Written by Barfoot August 17, 2011

   Patrick Barfoot

The nomenclature of Bergman’s “Sawdust and Tinsel” is quite odd. In Sweden it was named “Gycklarnas Afton,” meaning something like “the evening of the clowns.” When released in America, however, it was named “Naked Night,” since international movies were only deemed profitable if they were erotic or contained nudity.  People in the U.S. must have been disappointed with this movie since it contains little to no nudity. In England, it was named “Sawdust and Tinsel.” I think most people believed this to sum up the film best: the shiny artifice yet valueless tinsel and simple rustic practicality of sawdust.

Ingmar Bergman wrote just about every screenplay he directed, although he did not direct every one he wrote. His M.O. of writing screenplays was peculiar in the sense that he would think through the various scenes of his next movie for months at a time. When he felt ready to write, he would lock himself in a room — often a hotel room — and write everything in one sitting. Bergman found writing to be the most tedious and painstaking part of filmmaking.

“Sawdust and Tinsel” follows a nomadic circus troupe traveling through the lower part of Sweden around the turn of our last century.  What’s interesting about this film are the psycho-sexual power struggles. Its central character Albert (the circus owner), his mistress Anne, and his abandoned wife are all caught in a scathingly complex love triangle. Bergman actually wrote this at a time when he himself had just left his wife for another woman — no other than Harriet Anderson, the actress who plays Anne in this film. Bergman’s writing shines through the complexity of their relationships. Albert thinks that Anne has been unfaithful with a local actor. Anne is jealous of Albert’s wife and children; and Albert’s abandoned wife tells him that she is better off since he has left, thus giving Albert no option of ever going back to her.
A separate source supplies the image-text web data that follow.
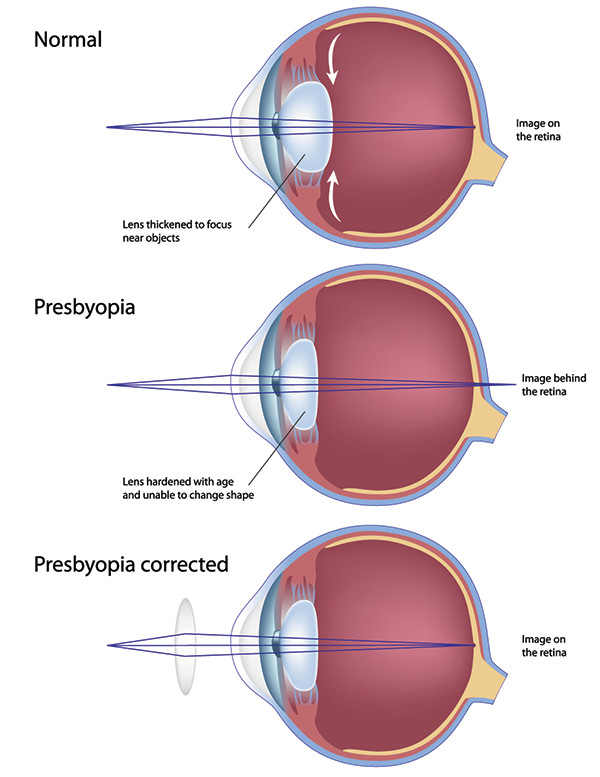 presbyopia in turnersville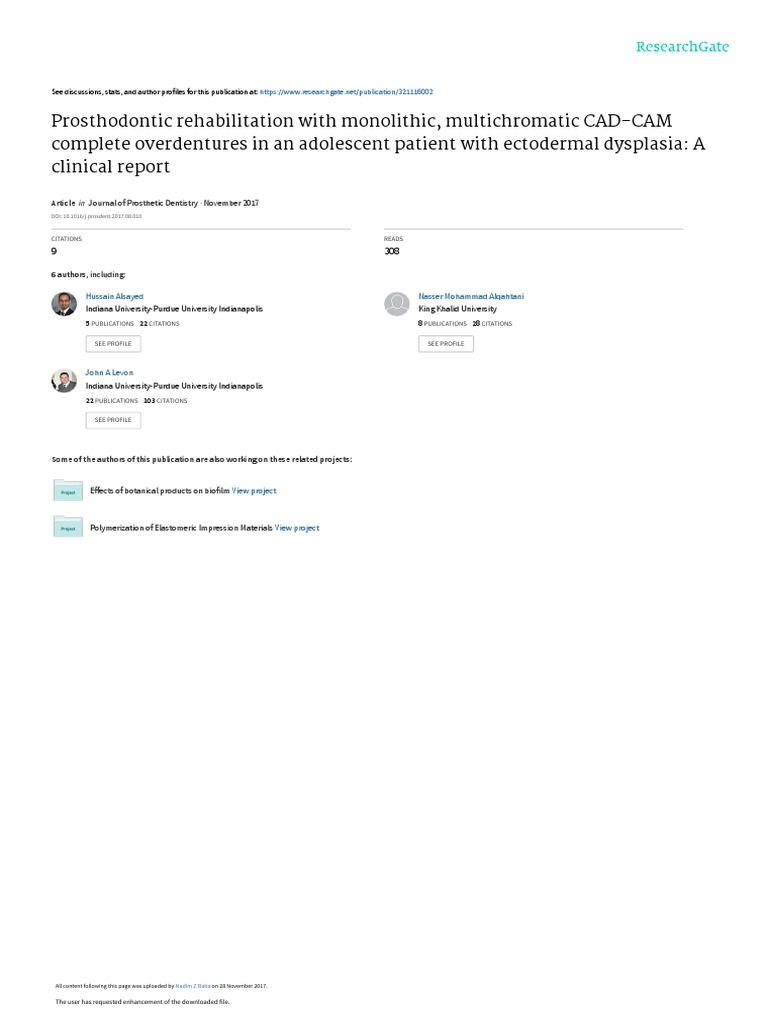 Prosthodontic Rehabilitation With Monolithic Multichromatic CAD-CAM ...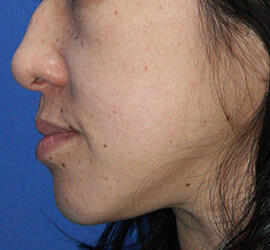 40代女性のメディカル美肌セレクト Before 症例写真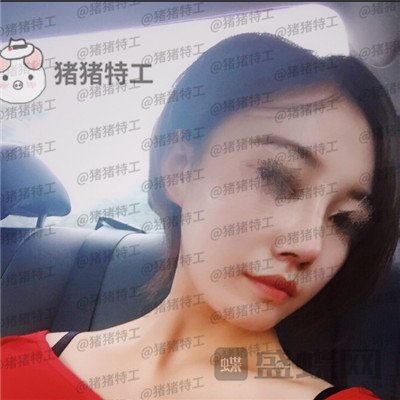 苏州美莱吴蓉鼻部手术案例价格分享,隆鼻一时爽一直美丽一直爽~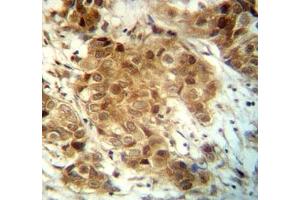 FOXO3 antibody immunohistochemistry analysis in formalin fixed and paraffin embedded human breast carcinoma.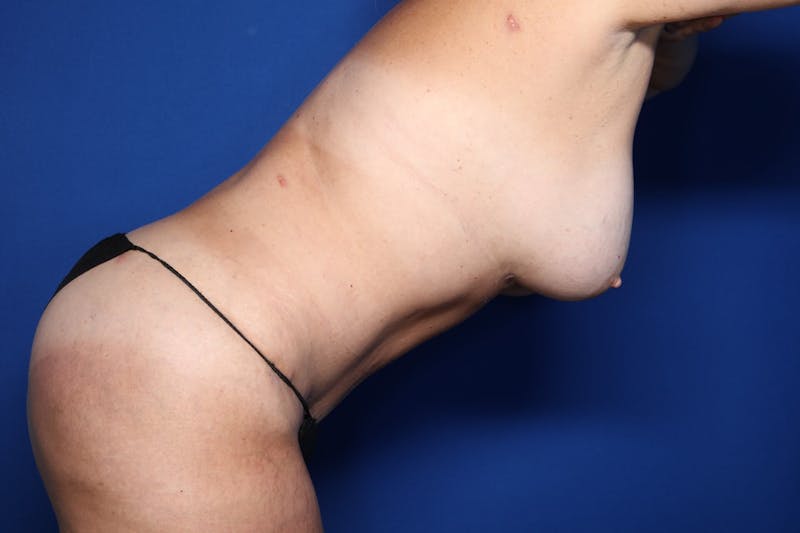 Tummy Tuck Before & After Gallery - Patient 107723 - Image 6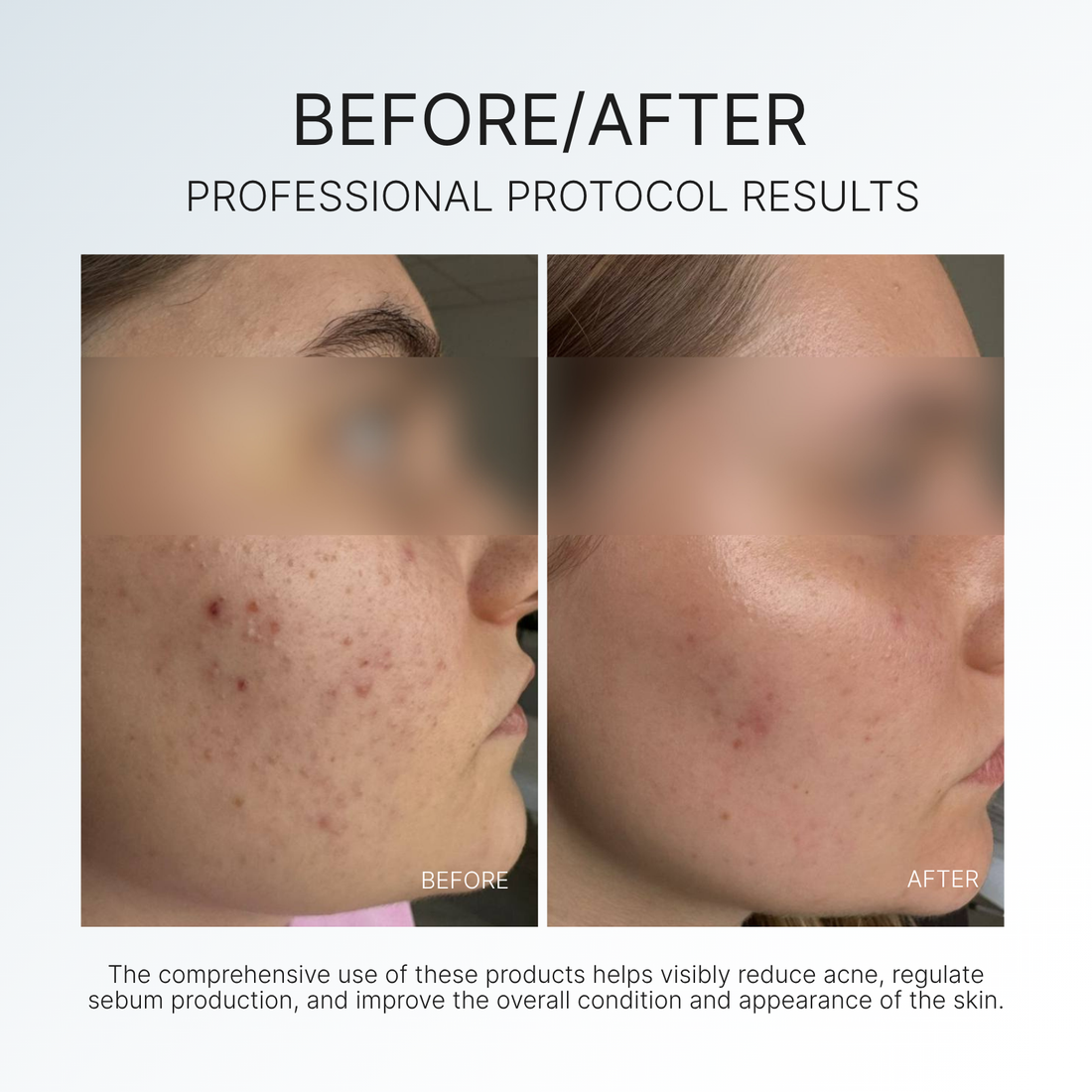 CLEAR SKIN BALANCE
All of this climaxes, of course, as Albert nearly kills a clown, gets humiliated by an impromptu circus, duels with the very man who cuckolded him, and ends up killing a cute little caged bear (who was, in real life, Canadian).

Watch this movie. It is a great introduction to Ingmar Bergman’s early years. You’ll find that each character has a depth that you’ll likely not see in most modern films. Same goes for the story’s plot as well.